» **TASK STATEMENT**: Reprint each record exactly. Pictures are not reprinted.

ENTRIES SUPPLIED: Begin

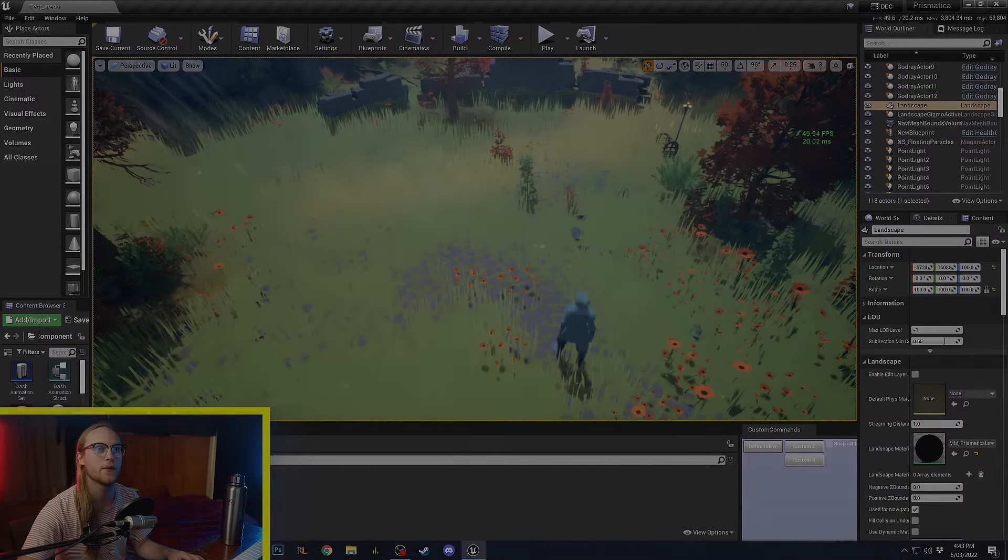We are going to be going through, much like my material series, each little individual component, or they're actually called modules in Niagara, what it does and what we can use it for. Now, the last thing to note before we dive in is that particles are 50% particle logic and 50% material logic. So, I'm going to be assuming that you are up to date with everything in the 5-Minute Materials series.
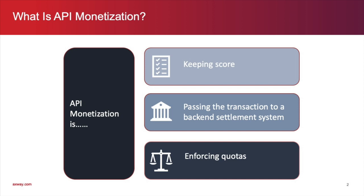In conclusion, we said in the beginning of this video that API monetization consists of keeping score, passing the transaction to a back-end settlement system, and enforcing quotas. And, we have shown how Axway's Amplify API Management solution provides these three essential components of API monetization.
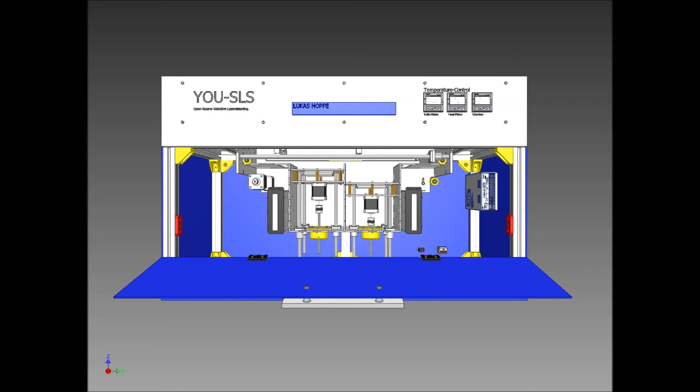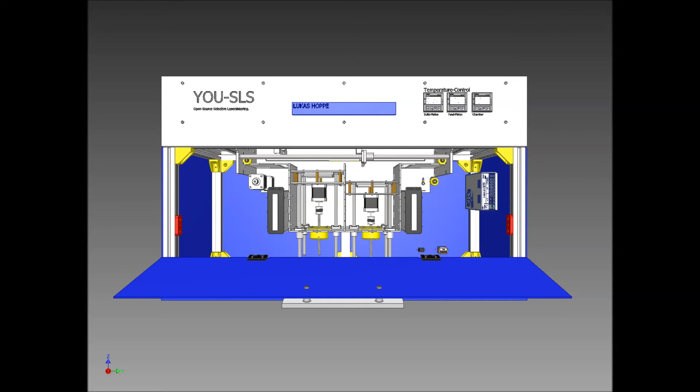After the first cross-section is finished, another thin layer of powder is deposited, and then another cross-section is sintered on top. This process repeats until the model is completed.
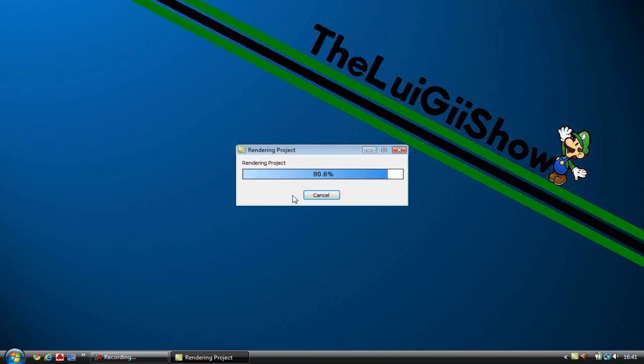But until then, please comment, rate and subscribe and I hope you like this video. This is my first tutorial on Camtasia Studio.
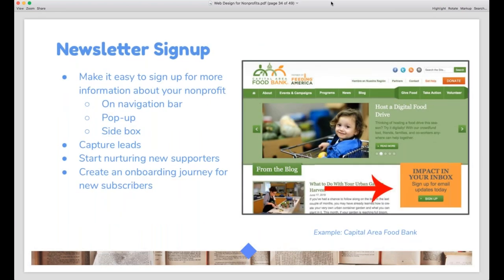You should be sure to include a newsletter sign-up option somewhere on your site — whether that's on your nav bar, a pop-up, or a sidebar box. You want to be able to capture leads, nurture them, and hopefully turn these people into supporters. Usually signing up for your newsletter is the first step in building a relationship with your nonprofit. I also recommend setting up a welcome email series for people who sign up just to get them oriented to your nonprofit. We tend to think of lead capture in terms of sales, but for nonprofits, if people are visiting your website and you're not capturing their information somehow, you're losing potential donors and volunteers.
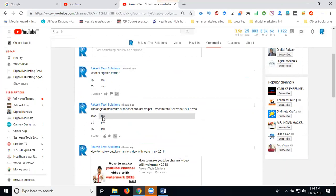When you use this community option, it provides engagement with your customers and subscribers, which helps increase your channel subscribers.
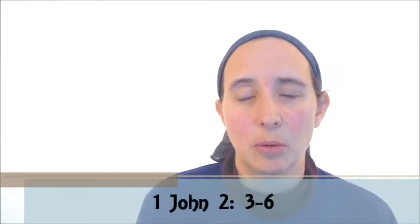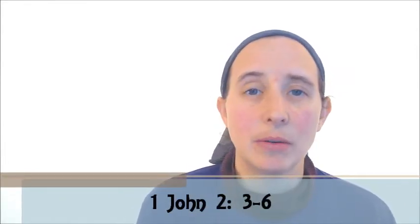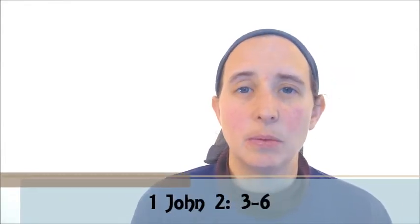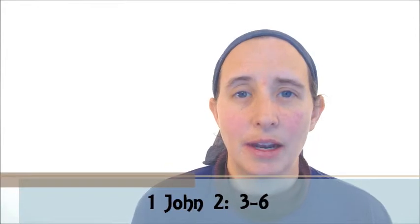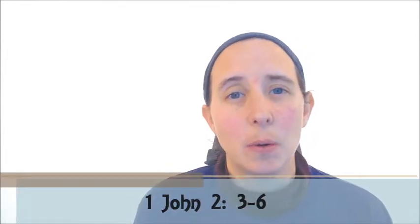When Christ gives us a command, we need to follow it. Even if we don't understand it, we need to willingly follow it. And the same in marriage. I know that men fail. Christ never fails us. So there is a difference there.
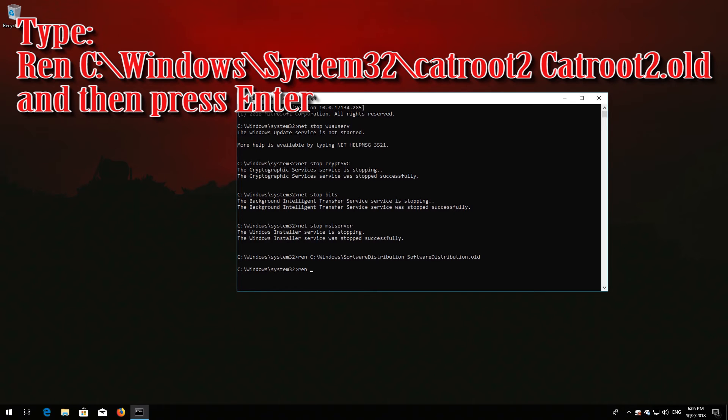Type 'ren C:\Windows\System32\catroot2 catroot2.old' and then press Enter.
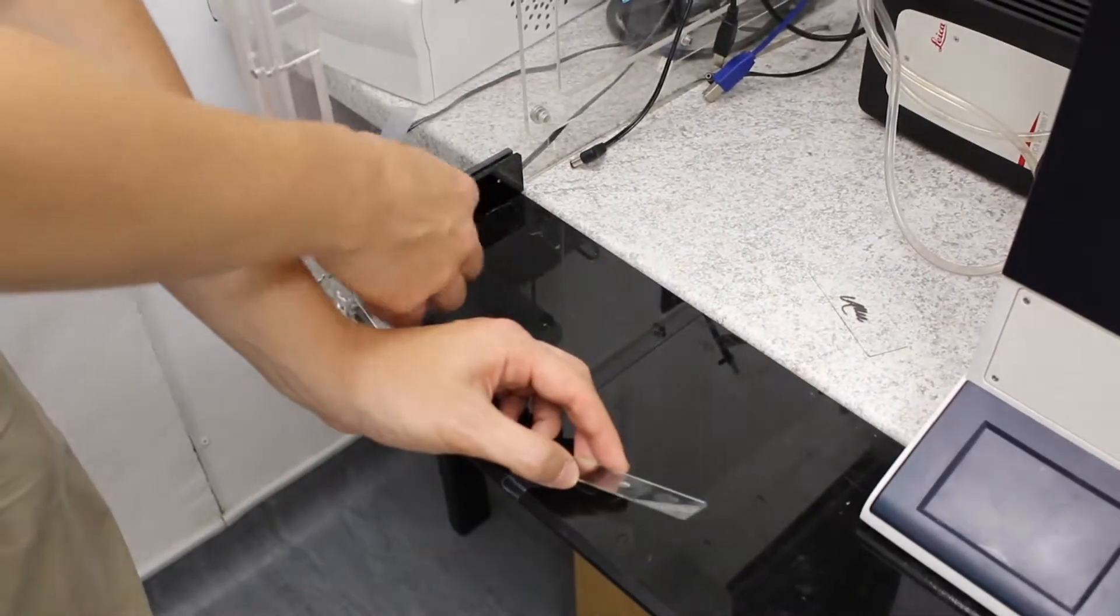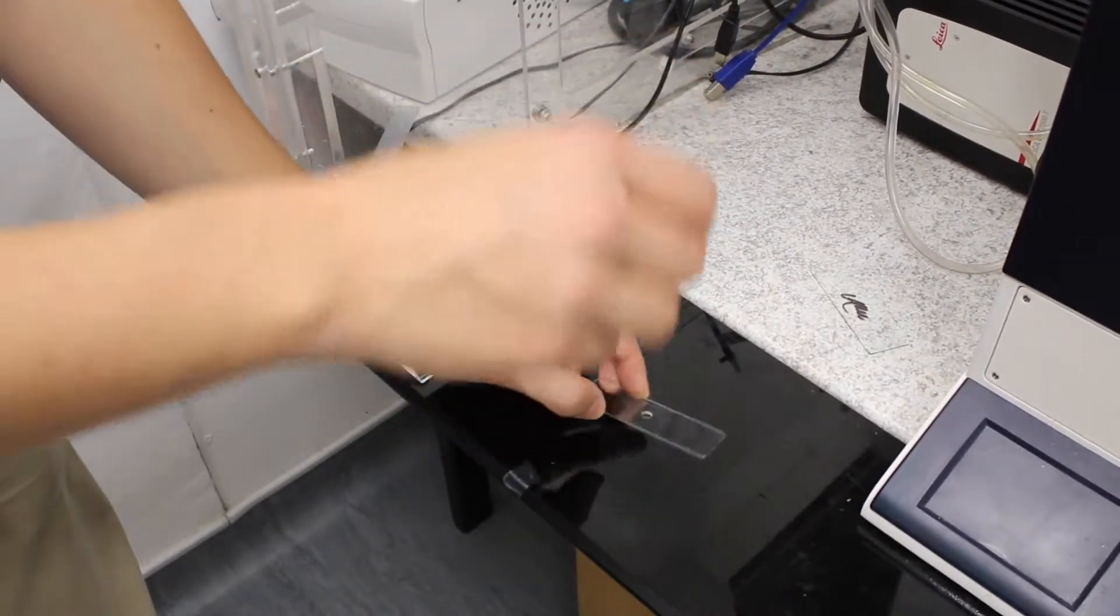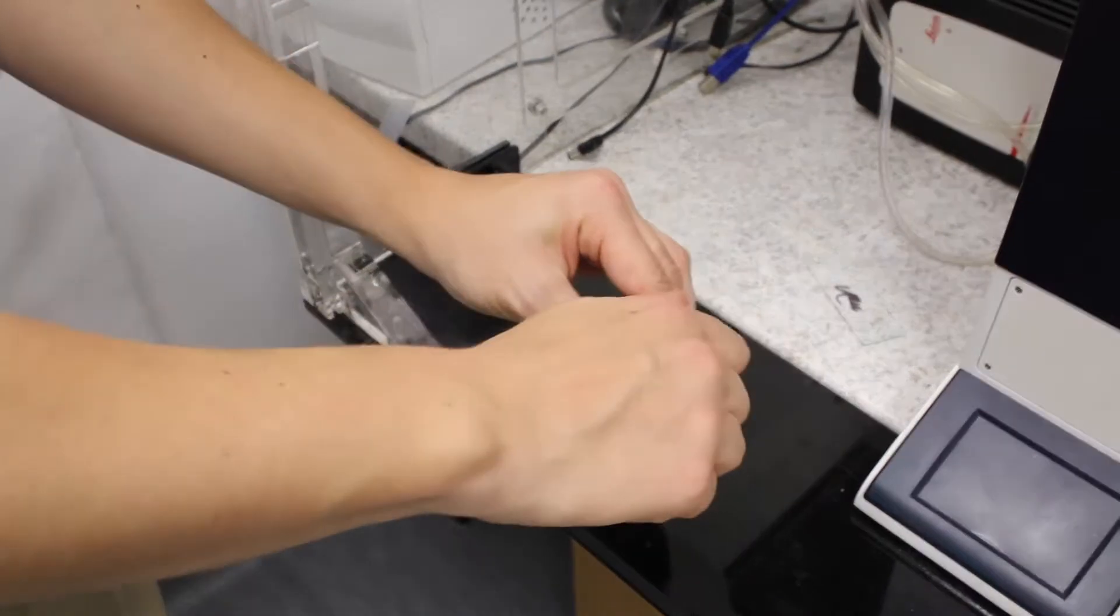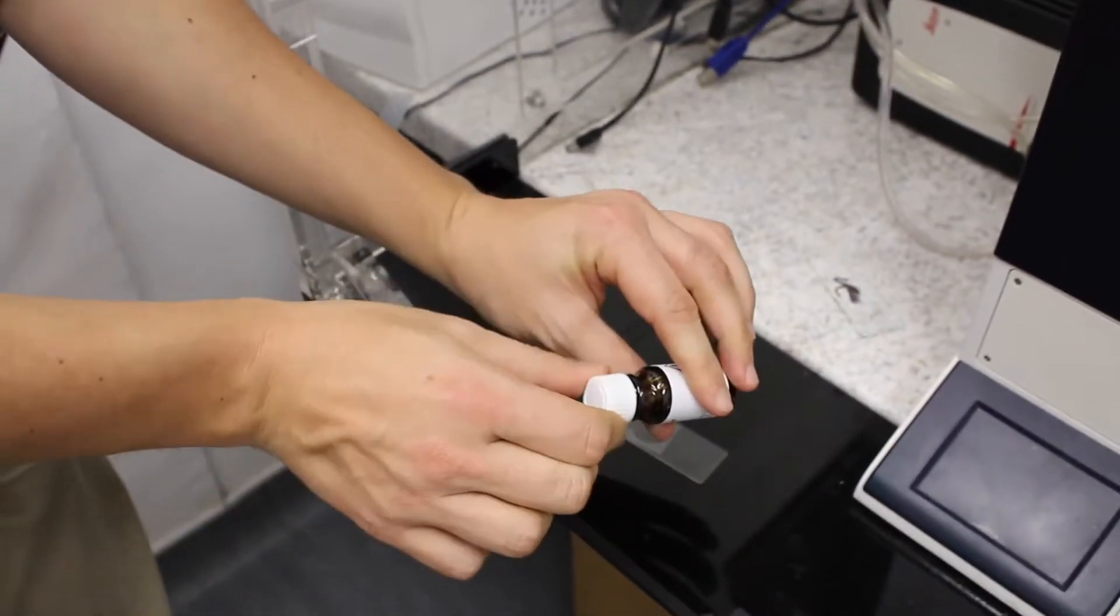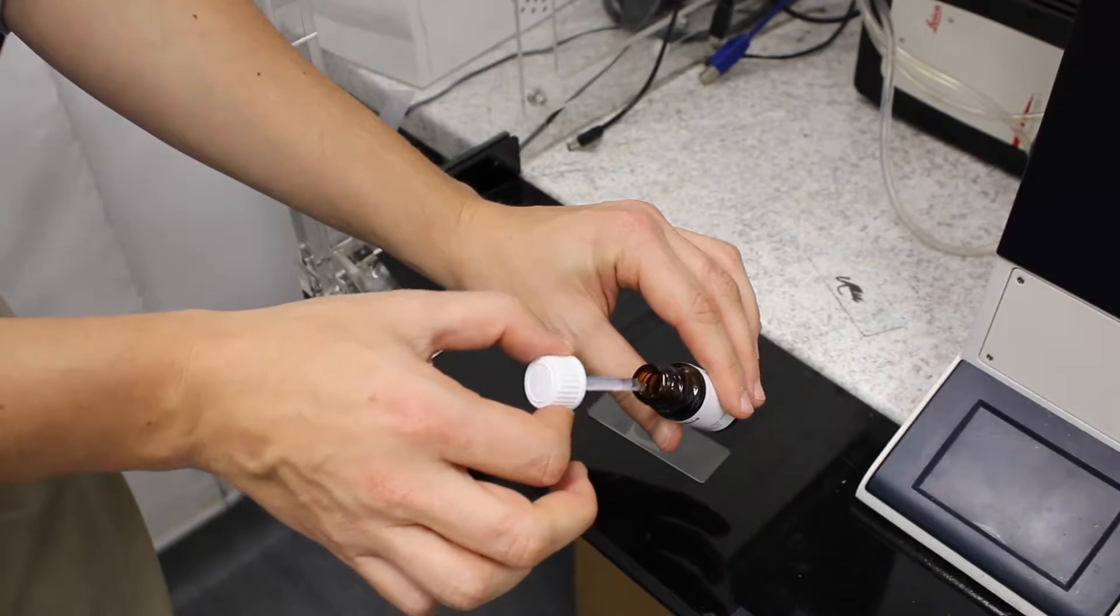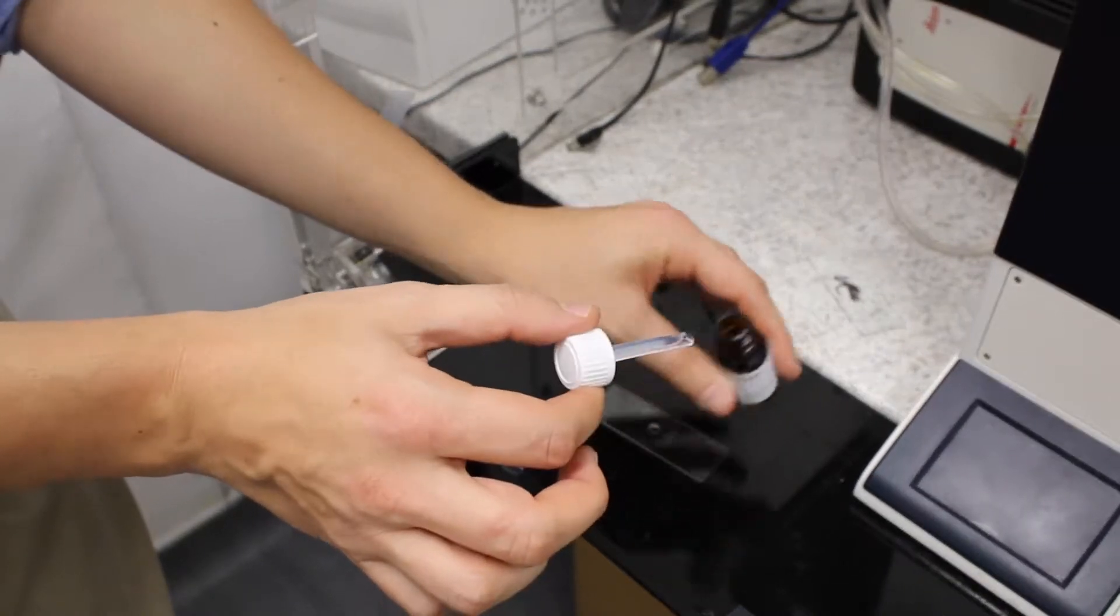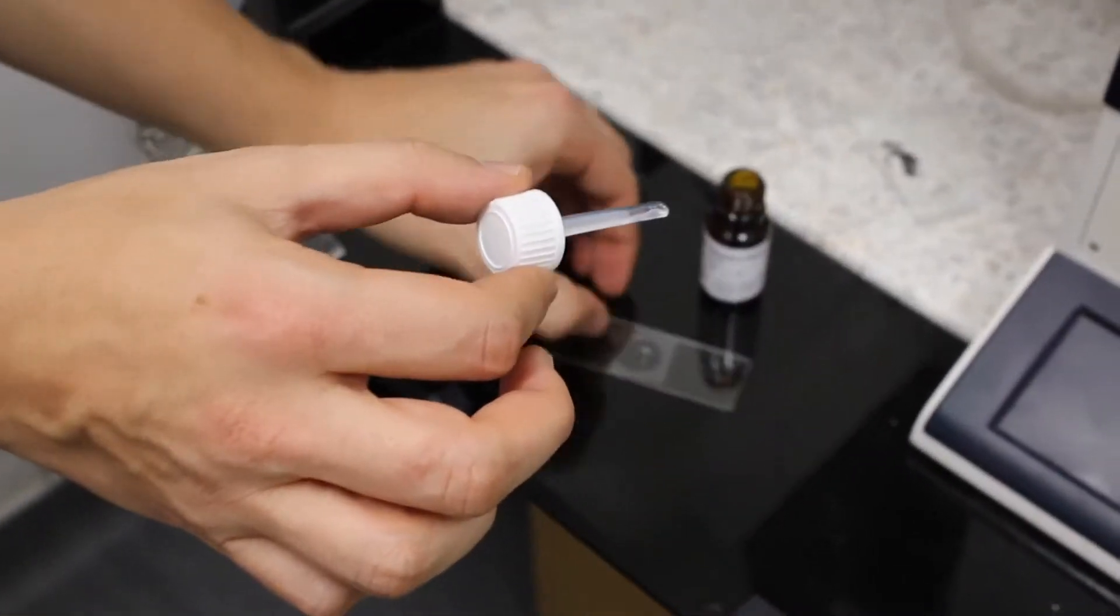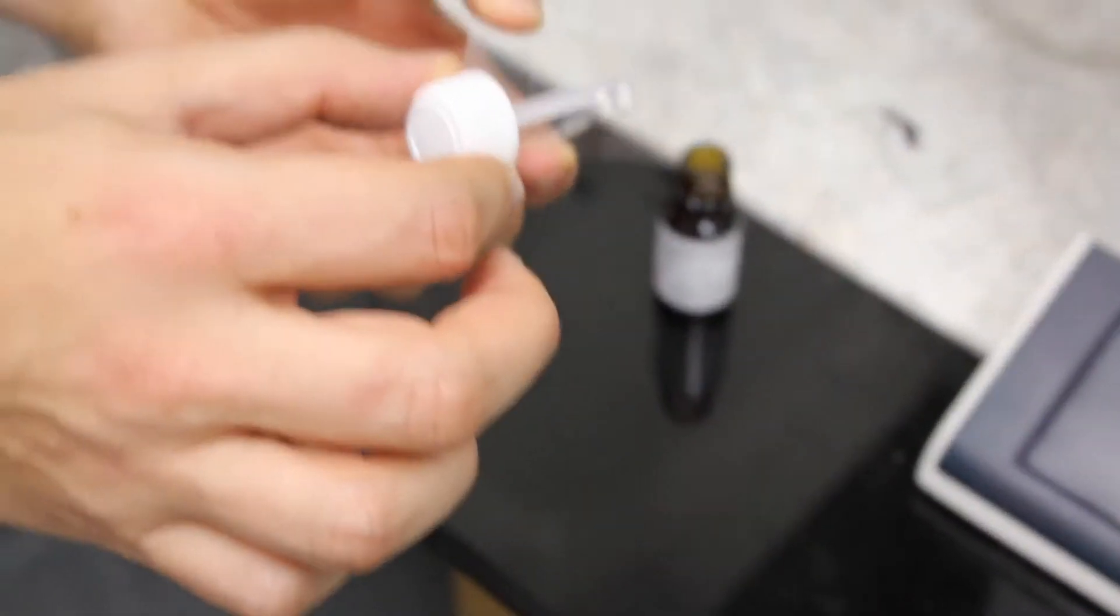So the oil is usually located here in this corner, it's in this box. So you just take it out, and you just take a small drop of oil, and you put that on the coverslip.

ENTRIES SUPPLIED: End

» **RESPONSE FOR THIS EXERCISE**:
We are going to be going through, much like my material series, each little individual component, or they're actually called modules in Niagara, what it does and what we can use it for. Now, the last thing to note before we dive in is that particles are 50% particle logic and 50% material logic. So, I'm going to be assuming that you are up to date with everything in the 5-Minute Materials series.
In conclusion, we said in the beginning of this video that API monetization consists of keeping score, passing the transaction to a back-end settlement system, and enforcing quotas. And, we have shown how Axway's Amplify API Management solution provides these three essential components of API monetization.
After the first cross-section is finished, another thin layer of powder is deposited, and then another cross-section is sintered on top. This process repeats until the model is completed.
But until then, please comment, rate and subscribe and I hope you like this video. This is my first tutorial on Camtasia Studio.
You should be sure to include a newsletter sign-up option somewhere on your site — whether that's on your nav bar, a pop-up, or a sidebar box. You want to be able to capture leads, nurture them, and hopefully turn these people into supporters. Usually signing up for your newsletter is the first step in building a relationship with your nonprofit. I also recommend setting up a welcome email series for people who sign up just to get them oriented to your nonprofit. We tend to think of lead capture in terms of sales, but for nonprofits, if people are visiting your website and you're not capturing their information somehow, you're losing potential donors and volunteers.
When you use this community option, it provides engagement with your customers and subscribers, which helps increase your channel subscribers.
When Christ gives us a command, we need to follow it. Even if we don't understand it, we need to willingly follow it. And the same in marriage. I know that men fail. Christ never fails us. So there is a difference there.
Type 'ren C:\Windows\System32\catroot2 catroot2.old' and then press Enter.
So the oil is usually located here in this corner, it's in this box. So you just take it out, and you just take a small drop of oil, and you put that on the coverslip.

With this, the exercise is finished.